■ **Task instructions**: Hand back, word for word, the lines from the one containing "Switch Executive Desk" to the end of the records, both included, and leave out pictures.

(Records from a data collection)

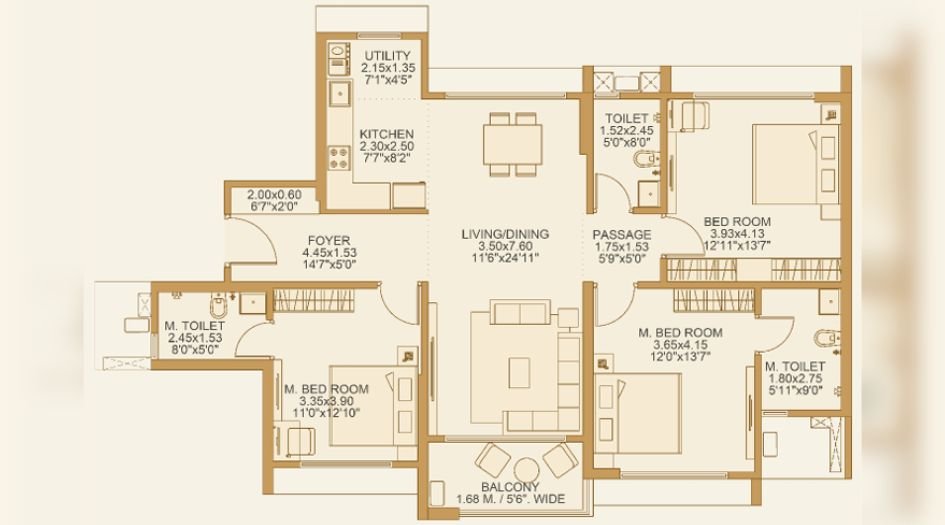Dosti-Primus-3BHK-1232sqft-unit-plan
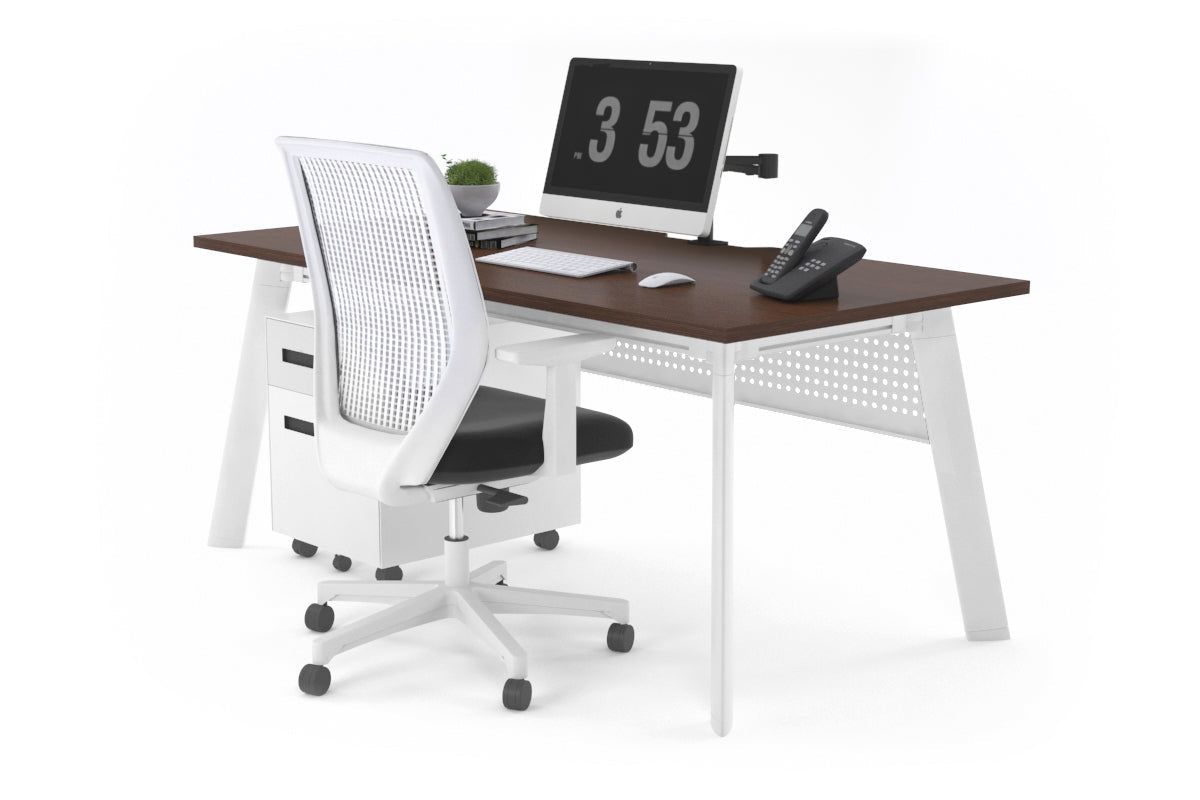 Switch Executive Desk [1200L x 800W with Cable Scallop] Jasonl white leg wenge modesty panel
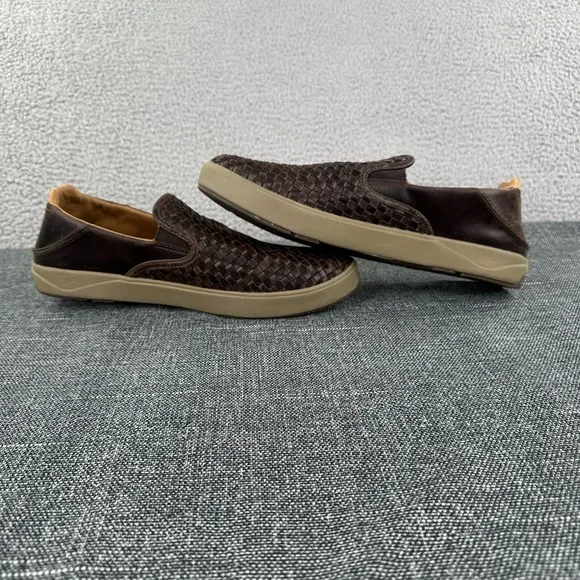 OLUKAI Lae'ahi Lauhala Men's Dark Brown Leather Loafer Woven Slip On Shoes US 11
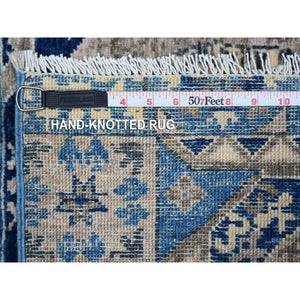 2'7"x11'9" Blueberry Blue, Aryana Collection, Hand Knotted Mamluk Design With Large Geometric Medallions, Soft and Velvety Wool Vegetable Dyes, Runner Oriental Rug FWR533352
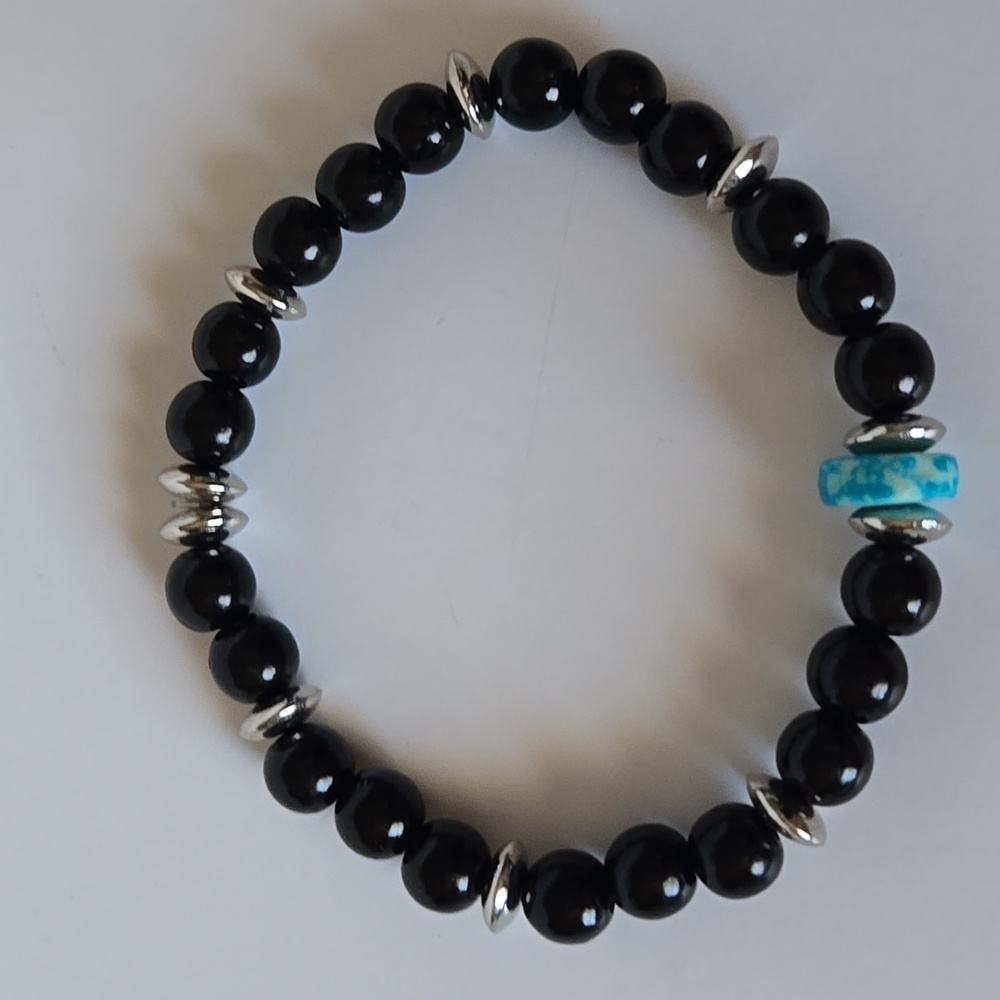 Handmade Black Onyx with Turquoise Beaded Bracelet Size Approximately 7.5 Inches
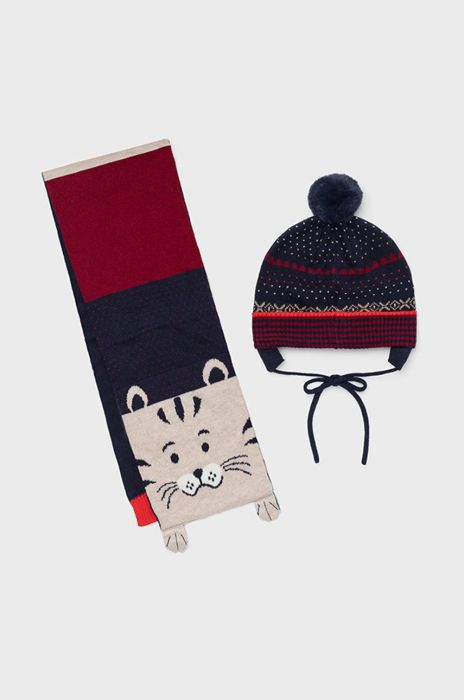Дитяча шапка і шарф Mayoral колір бордовий Дитяча шапка і шарф Mayoral колір бордовий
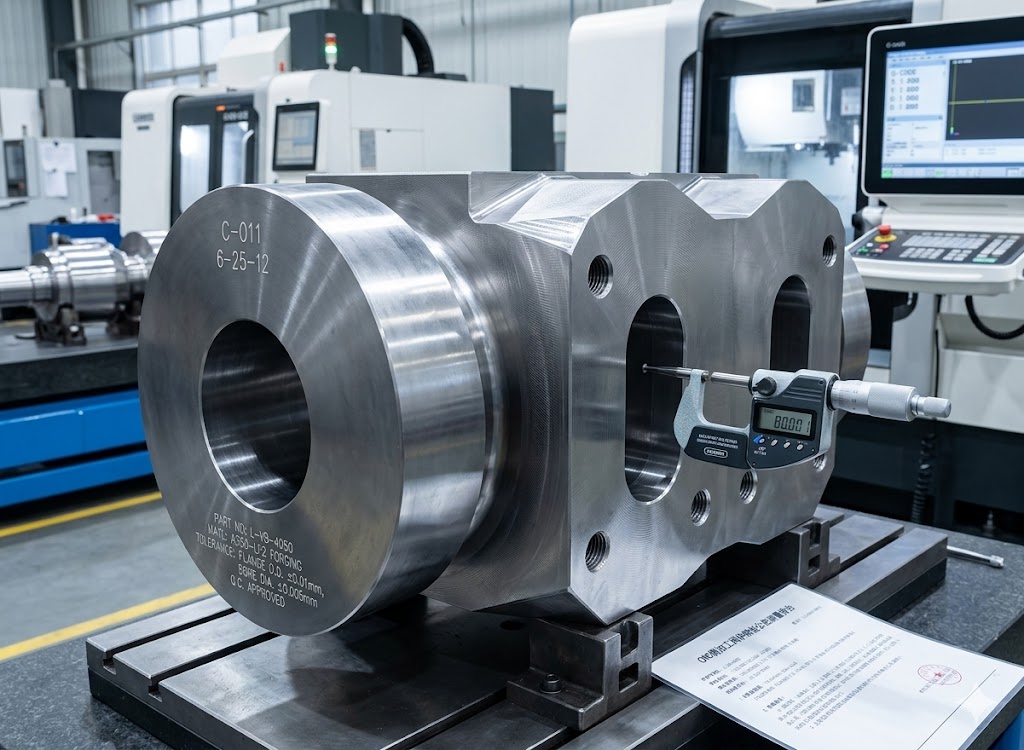 CNC finish machined forging steel valve body with precision tolerance control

■ **Your solution**:
 Switch Executive Desk [1200L x 800W with Cable Scallop] Jasonl white leg wenge modesty panel
 OLUKAI Lae'ahi Lauhala Men's Dark Brown Leather Loafer Woven Slip On Shoes US 11
 2'7"x11'9" Blueberry Blue, Aryana Collection, Hand Knotted Mamluk Design With Large Geometric Medallions, Soft and Velvety Wool Vegetable Dyes, Runner Oriental Rug FWR533352
 Handmade Black Onyx with Turquoise Beaded Bracelet Size Approximately 7.5 Inches
Дитяча шапка і шарф Mayoral колір бордовий Дитяча шапка і шарф Mayoral колір бордовий
 CNC finish machined forging steel valve body with precision tolerance control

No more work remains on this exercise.